SUPPLIED DATA »
====================
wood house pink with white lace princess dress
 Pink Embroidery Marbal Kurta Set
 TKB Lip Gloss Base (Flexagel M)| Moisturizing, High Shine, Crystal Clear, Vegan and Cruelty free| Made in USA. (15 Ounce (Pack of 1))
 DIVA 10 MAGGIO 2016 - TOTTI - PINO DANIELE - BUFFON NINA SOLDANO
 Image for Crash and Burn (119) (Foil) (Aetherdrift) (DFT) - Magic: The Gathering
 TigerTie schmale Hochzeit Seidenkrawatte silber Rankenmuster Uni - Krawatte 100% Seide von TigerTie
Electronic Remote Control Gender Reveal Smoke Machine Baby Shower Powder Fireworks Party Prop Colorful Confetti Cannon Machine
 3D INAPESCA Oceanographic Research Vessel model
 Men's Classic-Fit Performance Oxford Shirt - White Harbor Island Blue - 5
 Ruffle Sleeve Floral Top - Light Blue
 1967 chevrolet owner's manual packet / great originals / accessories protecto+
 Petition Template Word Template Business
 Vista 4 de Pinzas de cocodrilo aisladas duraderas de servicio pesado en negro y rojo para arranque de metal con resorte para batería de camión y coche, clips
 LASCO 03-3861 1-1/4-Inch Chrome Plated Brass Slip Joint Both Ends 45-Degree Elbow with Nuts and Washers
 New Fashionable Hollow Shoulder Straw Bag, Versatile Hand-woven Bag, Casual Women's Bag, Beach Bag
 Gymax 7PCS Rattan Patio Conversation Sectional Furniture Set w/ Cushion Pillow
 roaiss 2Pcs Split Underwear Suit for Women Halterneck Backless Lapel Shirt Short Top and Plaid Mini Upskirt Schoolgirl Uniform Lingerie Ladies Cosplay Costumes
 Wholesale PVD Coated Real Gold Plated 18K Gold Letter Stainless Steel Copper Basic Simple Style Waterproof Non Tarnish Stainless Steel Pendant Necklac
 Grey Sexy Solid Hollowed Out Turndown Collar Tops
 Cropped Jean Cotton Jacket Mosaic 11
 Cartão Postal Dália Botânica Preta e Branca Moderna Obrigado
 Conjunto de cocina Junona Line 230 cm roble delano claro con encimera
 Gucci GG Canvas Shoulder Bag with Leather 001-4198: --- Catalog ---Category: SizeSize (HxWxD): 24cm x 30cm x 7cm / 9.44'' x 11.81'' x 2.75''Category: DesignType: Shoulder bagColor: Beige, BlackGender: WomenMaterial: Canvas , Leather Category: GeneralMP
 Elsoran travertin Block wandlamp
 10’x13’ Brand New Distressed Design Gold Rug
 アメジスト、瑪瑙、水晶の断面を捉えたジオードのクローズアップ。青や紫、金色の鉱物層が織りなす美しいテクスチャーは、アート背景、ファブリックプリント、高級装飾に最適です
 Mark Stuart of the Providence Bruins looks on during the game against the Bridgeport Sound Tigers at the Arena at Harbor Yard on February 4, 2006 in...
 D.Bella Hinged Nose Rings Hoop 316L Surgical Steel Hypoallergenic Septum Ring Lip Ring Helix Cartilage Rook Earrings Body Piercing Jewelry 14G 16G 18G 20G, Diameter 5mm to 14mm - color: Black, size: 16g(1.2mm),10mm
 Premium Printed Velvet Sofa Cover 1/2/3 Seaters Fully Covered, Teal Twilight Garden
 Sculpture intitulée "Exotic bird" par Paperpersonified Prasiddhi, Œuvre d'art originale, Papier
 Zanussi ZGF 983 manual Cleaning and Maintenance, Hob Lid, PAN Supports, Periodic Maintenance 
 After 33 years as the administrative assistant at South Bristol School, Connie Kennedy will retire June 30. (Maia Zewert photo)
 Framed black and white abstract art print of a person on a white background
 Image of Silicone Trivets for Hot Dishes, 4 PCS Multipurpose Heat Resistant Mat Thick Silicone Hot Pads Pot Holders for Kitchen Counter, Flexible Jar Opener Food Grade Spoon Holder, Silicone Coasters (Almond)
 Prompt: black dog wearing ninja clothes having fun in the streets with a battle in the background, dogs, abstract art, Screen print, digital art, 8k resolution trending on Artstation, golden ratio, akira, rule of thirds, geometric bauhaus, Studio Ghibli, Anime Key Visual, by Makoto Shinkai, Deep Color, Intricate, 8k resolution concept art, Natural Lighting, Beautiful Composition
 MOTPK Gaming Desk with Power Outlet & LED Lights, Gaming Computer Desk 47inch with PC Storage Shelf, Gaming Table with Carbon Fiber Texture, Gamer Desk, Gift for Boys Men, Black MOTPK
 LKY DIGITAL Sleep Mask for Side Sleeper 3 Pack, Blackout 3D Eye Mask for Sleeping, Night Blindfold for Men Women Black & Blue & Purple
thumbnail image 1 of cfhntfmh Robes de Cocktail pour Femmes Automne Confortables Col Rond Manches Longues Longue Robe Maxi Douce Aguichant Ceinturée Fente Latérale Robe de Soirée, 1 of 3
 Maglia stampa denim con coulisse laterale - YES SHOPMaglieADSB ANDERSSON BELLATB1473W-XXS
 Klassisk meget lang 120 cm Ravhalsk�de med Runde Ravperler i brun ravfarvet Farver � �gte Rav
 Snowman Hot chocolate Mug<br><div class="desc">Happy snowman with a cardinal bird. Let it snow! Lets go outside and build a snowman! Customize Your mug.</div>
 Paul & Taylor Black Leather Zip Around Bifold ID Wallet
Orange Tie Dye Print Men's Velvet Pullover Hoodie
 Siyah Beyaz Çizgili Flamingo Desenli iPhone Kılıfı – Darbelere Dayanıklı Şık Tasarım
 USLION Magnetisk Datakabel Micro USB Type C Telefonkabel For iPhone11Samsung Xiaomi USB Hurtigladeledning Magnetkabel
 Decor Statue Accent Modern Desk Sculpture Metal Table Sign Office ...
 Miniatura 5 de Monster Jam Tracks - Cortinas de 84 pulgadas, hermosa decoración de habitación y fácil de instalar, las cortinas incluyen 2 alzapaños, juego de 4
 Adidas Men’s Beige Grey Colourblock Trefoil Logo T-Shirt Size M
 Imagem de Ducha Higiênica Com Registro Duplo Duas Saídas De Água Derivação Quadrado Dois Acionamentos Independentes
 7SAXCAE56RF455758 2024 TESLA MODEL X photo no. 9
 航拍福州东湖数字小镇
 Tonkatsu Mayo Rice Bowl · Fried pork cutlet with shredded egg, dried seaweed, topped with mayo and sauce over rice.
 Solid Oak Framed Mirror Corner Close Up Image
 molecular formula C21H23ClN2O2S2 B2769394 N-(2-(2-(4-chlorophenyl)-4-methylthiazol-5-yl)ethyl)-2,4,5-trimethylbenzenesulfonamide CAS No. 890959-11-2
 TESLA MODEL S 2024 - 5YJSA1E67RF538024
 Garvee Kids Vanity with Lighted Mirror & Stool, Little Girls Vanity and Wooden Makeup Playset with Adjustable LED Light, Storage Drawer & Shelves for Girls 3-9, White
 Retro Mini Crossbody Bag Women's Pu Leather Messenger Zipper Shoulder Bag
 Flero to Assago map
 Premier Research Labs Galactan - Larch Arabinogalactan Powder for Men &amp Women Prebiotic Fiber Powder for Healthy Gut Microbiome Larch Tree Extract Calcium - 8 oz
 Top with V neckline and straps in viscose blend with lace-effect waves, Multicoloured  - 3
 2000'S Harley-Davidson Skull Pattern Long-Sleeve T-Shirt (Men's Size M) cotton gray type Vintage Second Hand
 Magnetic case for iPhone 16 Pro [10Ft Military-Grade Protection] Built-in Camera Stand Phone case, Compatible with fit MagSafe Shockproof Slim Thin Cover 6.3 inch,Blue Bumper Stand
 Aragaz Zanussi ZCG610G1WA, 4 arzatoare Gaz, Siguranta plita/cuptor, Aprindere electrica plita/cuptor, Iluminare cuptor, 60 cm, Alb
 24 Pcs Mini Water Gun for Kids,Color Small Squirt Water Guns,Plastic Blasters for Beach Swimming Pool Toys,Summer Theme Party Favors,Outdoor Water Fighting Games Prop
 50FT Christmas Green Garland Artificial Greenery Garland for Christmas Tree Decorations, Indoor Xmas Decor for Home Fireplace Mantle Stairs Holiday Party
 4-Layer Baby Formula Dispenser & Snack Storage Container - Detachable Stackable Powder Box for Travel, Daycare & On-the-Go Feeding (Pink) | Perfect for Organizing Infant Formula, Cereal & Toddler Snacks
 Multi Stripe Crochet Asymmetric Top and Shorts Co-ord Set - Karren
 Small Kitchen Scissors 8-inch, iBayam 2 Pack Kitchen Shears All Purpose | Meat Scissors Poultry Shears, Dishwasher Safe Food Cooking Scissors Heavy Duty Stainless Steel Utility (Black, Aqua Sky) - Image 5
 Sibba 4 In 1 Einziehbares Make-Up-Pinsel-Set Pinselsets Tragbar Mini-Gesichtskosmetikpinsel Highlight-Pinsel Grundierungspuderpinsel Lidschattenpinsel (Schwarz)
====================
ASSIGNMENT » Please print verbatim each line from the first line of the entries above to the line that contains "DIVA 10 MAGGIO", inclusive, and nothing more.

OUTPUT BELOW »
wood house pink with white lace princess dress
 Pink Embroidery Marbal Kurta Set
 TKB Lip Gloss Base (Flexagel M)| Moisturizing, High Shine, Crystal Clear, Vegan and Cruelty free| Made in USA. (15 Ounce (Pack of 1))
 DIVA 10 MAGGIO 2016 - TOTTI - PINO DANIELE - BUFFON NINA SOLDANO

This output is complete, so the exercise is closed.